English

Clinton's "anti-poverty" tour covers up deepening social polarization

It is difficult to decide whether nausea or derision is the more appropriate response to President Clinton's four-day tour of some of the poorest areas of the United States and his appeals to thousands of impoverished working people and unemployed to put their faith in the profit system.

The six locations which Clinton visited are among the most devastated in America—Appalachia, the Delta region of the state of Mississippi, East St. Louis, Pine Ridge Indian reservation, south Phoenix, and Watts in south-central Los Angeles. The responsibility for the conditions which prevail there lies, not with the impoverished residents, but with the social system based on private profit. Yet Clinton's prescription for the mass poverty, deprivation and utter hopelessness caused by capitalism is ... more capitalism! It is as though the US president had decided to take a tour of bomb-ravaged Belgrade in which he announced to the Serbian people that all they needed to make things right was a few more NATO air strikes.

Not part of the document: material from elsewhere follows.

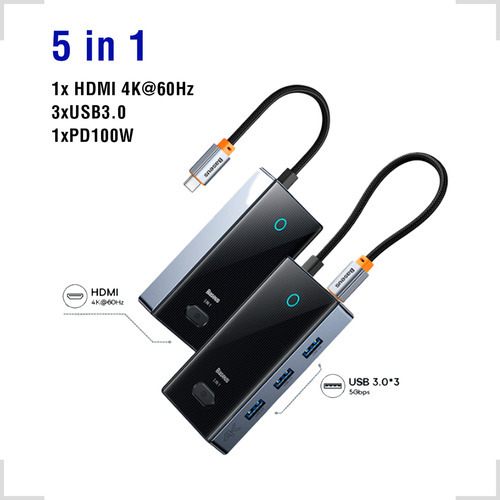 Adaptador Dock Thunderbolt3 USB C Hdmi P/ MacBook M1 E M2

Clinton was the first president to visit Appalachia since Lyndon Johnson, the first to pay an official visit to an Indian reservation since Calvin Coolidge. This only demonstrates how consistently the American ruling class has shunned any contact with the poorest of the poor, through all the alternations of Republicans and Democrats, liberals and conservatives, in political office.

Clinton was not travelling to these areas to announce any major government initiative. He began his tour in Hazard, Kentucky, where Lyndon Johnson launched his abortive "war on poverty" in 1965. But the tiny scale of the programs which he proposed—$1.5 million for housing, $8 million for training, and tax incentives for corporations—only underscored the vast shift to the right in big business politics over the past three decades. Clinton made his tour, not to praise the war on poverty, but to bury it.

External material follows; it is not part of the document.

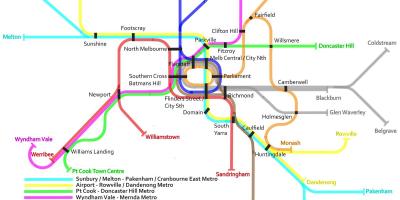 قطار المترو خريطة ملبورن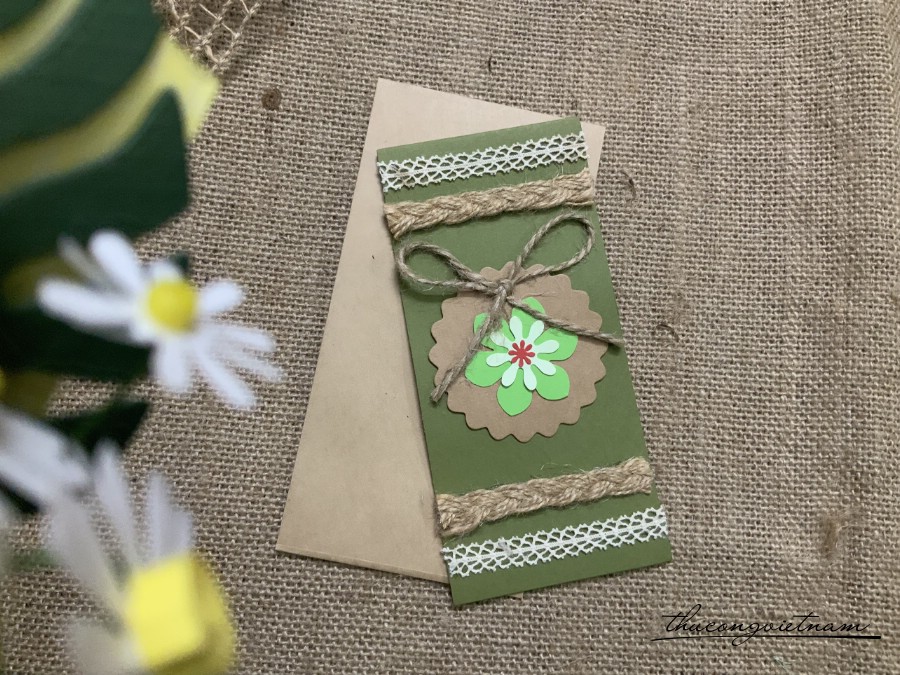 Thiệp tag hoa xanh 7*15cm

At each location Clinton commiserated with those facing poverty and unemployment while portraying their conditions as the unfinished business of an otherwise universally prosperous nation. "This is a time to bring more jobs and investment and hope to the areas of our country that have not fully participated in this economic recovery," he said in Kentucky.

"I came here in the hope that with the help of the business leaders here, we could say to every corporate leader in America: Take a look at investing in rural and inner-city America. It's good for business, good for America's growth, and it's the right thing to do."

Clinton suggested that corporations were not building factories and shopping centers in poor areas because of a misunderstanding. He cited an HUD report that retailers were "missing major profit-making opportunities" by failing to operate in communities like East St. Louis and Watts where the residents have substantial purchasing power.

He hailed the participation of corporate executives and government officials in his tour of poverty areas, saying that as a result, "There is a much higher level of awareness among American business leaders that there is money to be made and a better society to be made at the same time in these neighborhoods."

The argument which Clinton was advancing has been developed for the White House by the Reverend Jesse Jackson, who in January launched a campaign to pressure Wall Street firms to support greater investment in poor areas. The basic premise is to urge corporate America to look upon these regions as it does the export-processing zones set up in Third World countries to exploit the cheap labor available there. As one local businessman in eastern Kentucky pleaded, “For the same reason industries are looking at Mexico, they need to look at us. We can provide it here.”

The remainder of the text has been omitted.